[About this exercise] Leave out the pictures and retype, exactly, the lines below from the line with "It's the whole" up to and including the line with "I'm going to", nothing more.

[Data to use]
------------------------------------------------------------

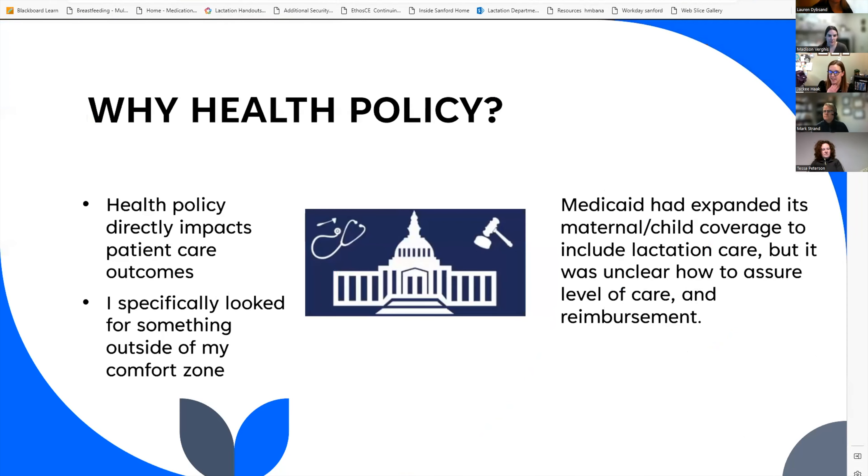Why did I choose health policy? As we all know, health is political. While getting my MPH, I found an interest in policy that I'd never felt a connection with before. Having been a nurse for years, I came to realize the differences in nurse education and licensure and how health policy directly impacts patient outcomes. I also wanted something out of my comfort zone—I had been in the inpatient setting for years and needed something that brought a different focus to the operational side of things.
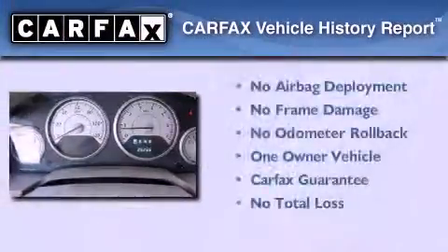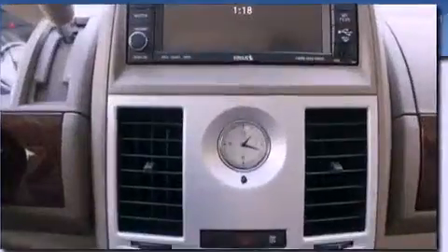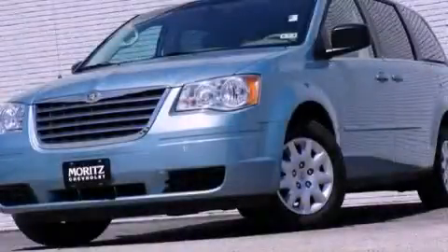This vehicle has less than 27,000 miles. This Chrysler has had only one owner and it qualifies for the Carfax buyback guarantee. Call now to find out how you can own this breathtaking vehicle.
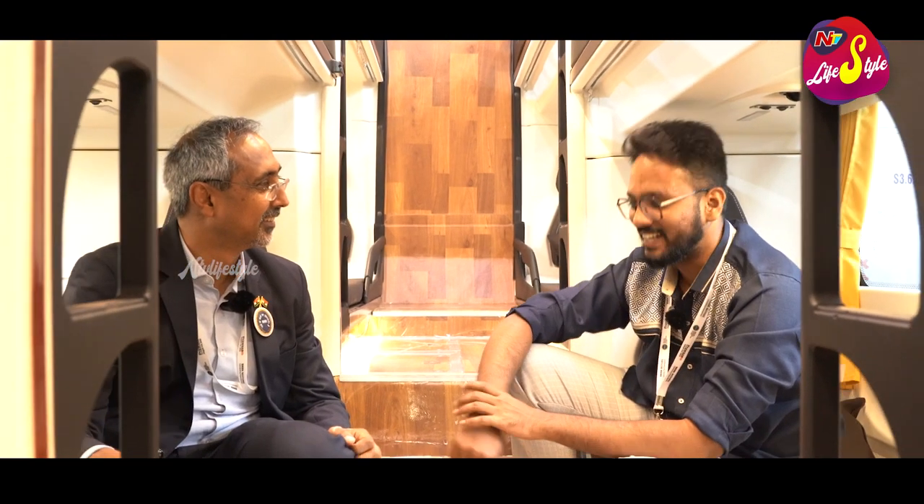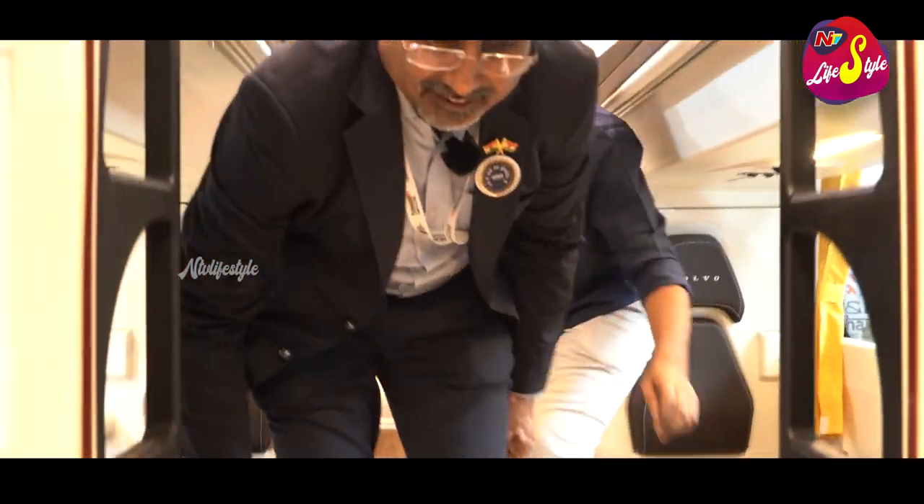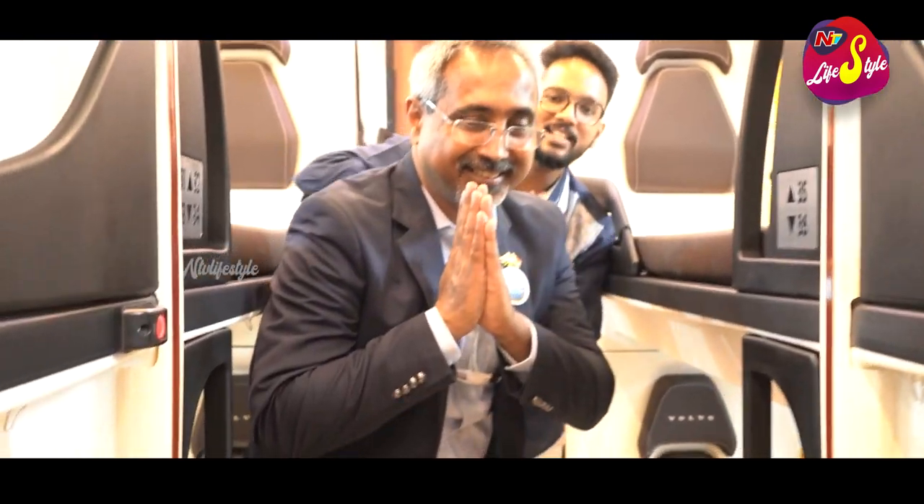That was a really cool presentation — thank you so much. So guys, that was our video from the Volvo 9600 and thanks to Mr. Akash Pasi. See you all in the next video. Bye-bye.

------------------------------------------------------------

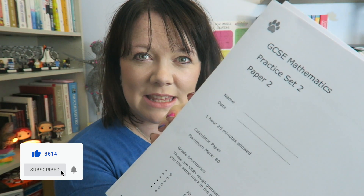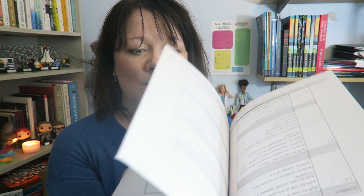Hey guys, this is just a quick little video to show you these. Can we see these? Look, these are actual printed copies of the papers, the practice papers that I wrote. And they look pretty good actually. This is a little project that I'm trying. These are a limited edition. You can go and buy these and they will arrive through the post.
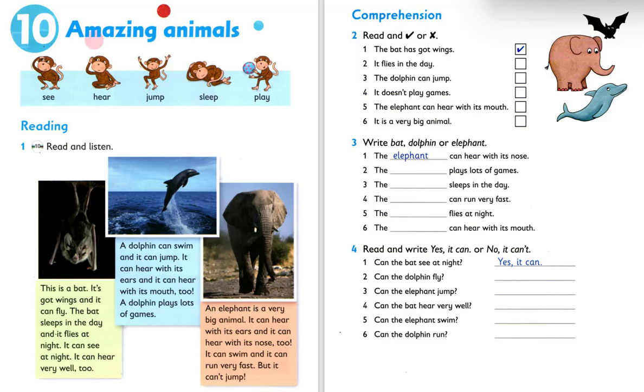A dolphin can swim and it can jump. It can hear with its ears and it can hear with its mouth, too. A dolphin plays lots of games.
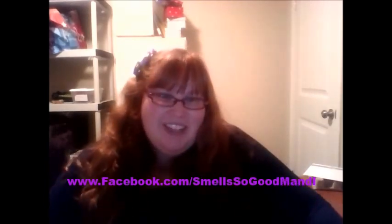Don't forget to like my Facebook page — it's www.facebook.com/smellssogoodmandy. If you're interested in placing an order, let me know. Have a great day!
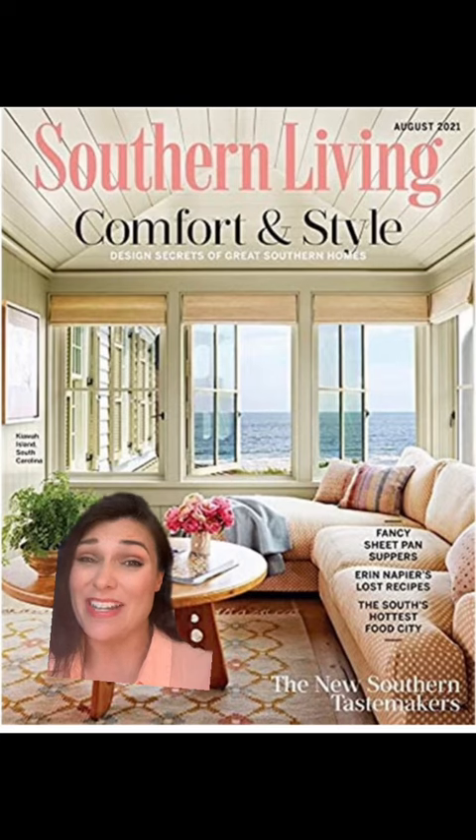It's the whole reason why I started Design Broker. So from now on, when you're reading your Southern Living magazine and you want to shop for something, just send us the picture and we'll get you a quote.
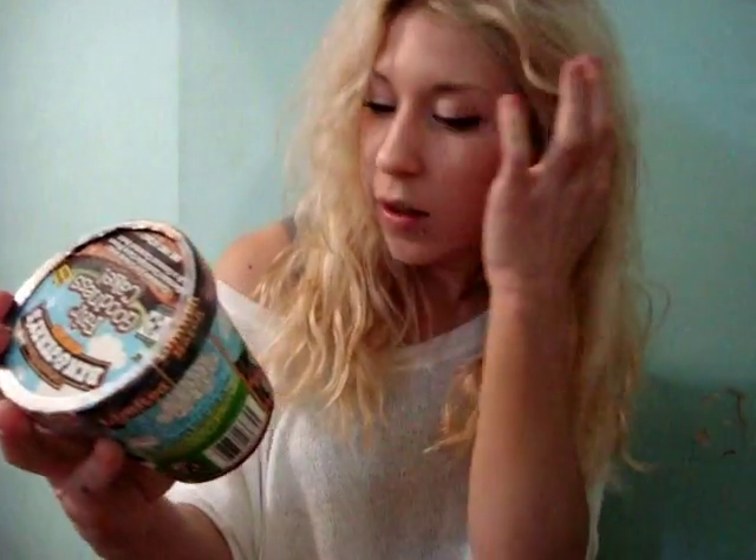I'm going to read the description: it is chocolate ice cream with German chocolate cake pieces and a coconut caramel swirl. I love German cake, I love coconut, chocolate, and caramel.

------------------------------------------------------------

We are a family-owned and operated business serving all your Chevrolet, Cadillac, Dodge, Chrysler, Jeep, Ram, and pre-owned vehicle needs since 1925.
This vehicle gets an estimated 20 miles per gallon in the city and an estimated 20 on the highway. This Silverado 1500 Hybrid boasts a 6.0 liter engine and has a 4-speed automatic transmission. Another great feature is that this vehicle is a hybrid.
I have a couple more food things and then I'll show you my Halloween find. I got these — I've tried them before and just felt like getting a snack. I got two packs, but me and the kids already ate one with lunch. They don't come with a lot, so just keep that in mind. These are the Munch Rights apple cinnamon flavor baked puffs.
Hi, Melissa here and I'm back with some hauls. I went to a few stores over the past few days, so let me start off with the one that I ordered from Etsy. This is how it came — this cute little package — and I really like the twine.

------------------------------------------------------------

[Task response]
It's the whole reason why I started Design Broker. So from now on, when you're reading your Southern Living magazine and you want to shop for something, just send us the picture and we'll get you a quote.
I'm going to read the description: it is chocolate ice cream with German chocolate cake pieces and a coconut caramel swirl. I love German cake, I love coconut, chocolate, and caramel.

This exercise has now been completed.